#### Work request:
Locate the line containing "SWING Jumpsuit Jumpsuit" in the data below. Reproduce it and every following line up to the end, exactly as given.

Records from a data collection
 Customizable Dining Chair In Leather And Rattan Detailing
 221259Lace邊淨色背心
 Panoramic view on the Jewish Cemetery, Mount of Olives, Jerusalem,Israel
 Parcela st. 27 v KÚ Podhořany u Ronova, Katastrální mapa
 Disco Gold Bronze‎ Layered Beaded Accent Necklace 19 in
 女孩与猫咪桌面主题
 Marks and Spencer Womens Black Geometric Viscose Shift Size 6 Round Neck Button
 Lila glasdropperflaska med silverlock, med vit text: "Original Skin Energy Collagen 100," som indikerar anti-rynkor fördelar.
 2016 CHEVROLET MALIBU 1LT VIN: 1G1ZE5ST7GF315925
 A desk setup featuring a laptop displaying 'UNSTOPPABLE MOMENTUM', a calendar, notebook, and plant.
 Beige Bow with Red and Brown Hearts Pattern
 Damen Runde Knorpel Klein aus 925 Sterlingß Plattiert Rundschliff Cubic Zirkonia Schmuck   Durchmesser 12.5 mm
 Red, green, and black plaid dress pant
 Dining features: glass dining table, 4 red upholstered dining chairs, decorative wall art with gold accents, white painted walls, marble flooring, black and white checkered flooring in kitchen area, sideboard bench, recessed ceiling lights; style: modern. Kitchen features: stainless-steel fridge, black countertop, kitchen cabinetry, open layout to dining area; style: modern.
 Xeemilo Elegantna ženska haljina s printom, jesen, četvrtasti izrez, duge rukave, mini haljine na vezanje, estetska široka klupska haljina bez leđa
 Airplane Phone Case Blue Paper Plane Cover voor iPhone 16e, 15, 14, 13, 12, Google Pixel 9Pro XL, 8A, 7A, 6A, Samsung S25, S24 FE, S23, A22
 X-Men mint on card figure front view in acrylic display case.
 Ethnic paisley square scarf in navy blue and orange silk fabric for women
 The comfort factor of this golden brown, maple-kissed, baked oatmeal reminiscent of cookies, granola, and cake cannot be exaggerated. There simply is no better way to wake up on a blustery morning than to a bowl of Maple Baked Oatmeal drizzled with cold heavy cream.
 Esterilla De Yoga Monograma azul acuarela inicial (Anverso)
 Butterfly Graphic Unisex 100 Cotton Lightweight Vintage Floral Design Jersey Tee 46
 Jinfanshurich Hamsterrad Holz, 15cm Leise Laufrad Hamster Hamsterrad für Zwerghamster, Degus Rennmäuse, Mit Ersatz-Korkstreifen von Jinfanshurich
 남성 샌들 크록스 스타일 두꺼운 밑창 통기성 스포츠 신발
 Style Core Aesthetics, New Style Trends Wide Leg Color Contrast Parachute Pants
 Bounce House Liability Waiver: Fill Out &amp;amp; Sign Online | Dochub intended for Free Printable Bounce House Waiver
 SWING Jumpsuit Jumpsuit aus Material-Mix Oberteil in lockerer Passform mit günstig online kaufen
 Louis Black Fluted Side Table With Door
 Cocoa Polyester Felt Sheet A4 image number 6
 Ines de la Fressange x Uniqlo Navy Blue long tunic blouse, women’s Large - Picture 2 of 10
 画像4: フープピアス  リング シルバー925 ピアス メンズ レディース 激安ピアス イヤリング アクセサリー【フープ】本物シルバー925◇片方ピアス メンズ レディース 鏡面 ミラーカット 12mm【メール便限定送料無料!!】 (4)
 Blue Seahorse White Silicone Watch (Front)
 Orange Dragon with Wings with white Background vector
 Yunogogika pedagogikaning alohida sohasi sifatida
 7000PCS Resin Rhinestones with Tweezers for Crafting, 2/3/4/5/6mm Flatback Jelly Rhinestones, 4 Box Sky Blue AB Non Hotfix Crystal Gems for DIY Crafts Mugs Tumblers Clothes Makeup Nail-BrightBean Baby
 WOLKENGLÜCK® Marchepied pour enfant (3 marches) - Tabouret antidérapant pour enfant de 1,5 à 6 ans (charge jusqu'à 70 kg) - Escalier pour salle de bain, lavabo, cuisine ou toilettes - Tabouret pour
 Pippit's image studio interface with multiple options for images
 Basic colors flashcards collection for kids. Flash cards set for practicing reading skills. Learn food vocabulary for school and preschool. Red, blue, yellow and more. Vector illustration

#### Exercise response:
 SWING Jumpsuit Jumpsuit aus Material-Mix Oberteil in lockerer Passform mit günstig online kaufen
 Louis Black Fluted Side Table With Door
 Cocoa Polyester Felt Sheet A4 image number 6
 Ines de la Fressange x Uniqlo Navy Blue long tunic blouse, women’s Large - Picture 2 of 10
 画像4: フープピアス  リング シルバー925 ピアス メンズ レディース 激安ピアス イヤリング アクセサリー【フープ】本物シルバー925◇片方ピアス メンズ レディース 鏡面 ミラーカット 12mm【メール便限定送料無料!!】 (4)
 Blue Seahorse White Silicone Watch (Front)
 Orange Dragon with Wings with white Background vector
 Yunogogika pedagogikaning alohida sohasi sifatida
 7000PCS Resin Rhinestones with Tweezers for Crafting, 2/3/4/5/6mm Flatback Jelly Rhinestones, 4 Box Sky Blue AB Non Hotfix Crystal Gems for DIY Crafts Mugs Tumblers Clothes Makeup Nail-BrightBean Baby
 WOLKENGLÜCK® Marchepied pour enfant (3 marches) - Tabouret antidérapant pour enfant de 1,5 à 6 ans (charge jusqu'à 70 kg) - Escalier pour salle de bain, lavabo, cuisine ou toilettes - Tabouret pour
 Pippit's image studio interface with multiple options for images
 Basic colors flashcards collection for kids. Flash cards set for practicing reading skills. Learn food vocabulary for school and preschool. Red, blue, yellow and more. Vector illustration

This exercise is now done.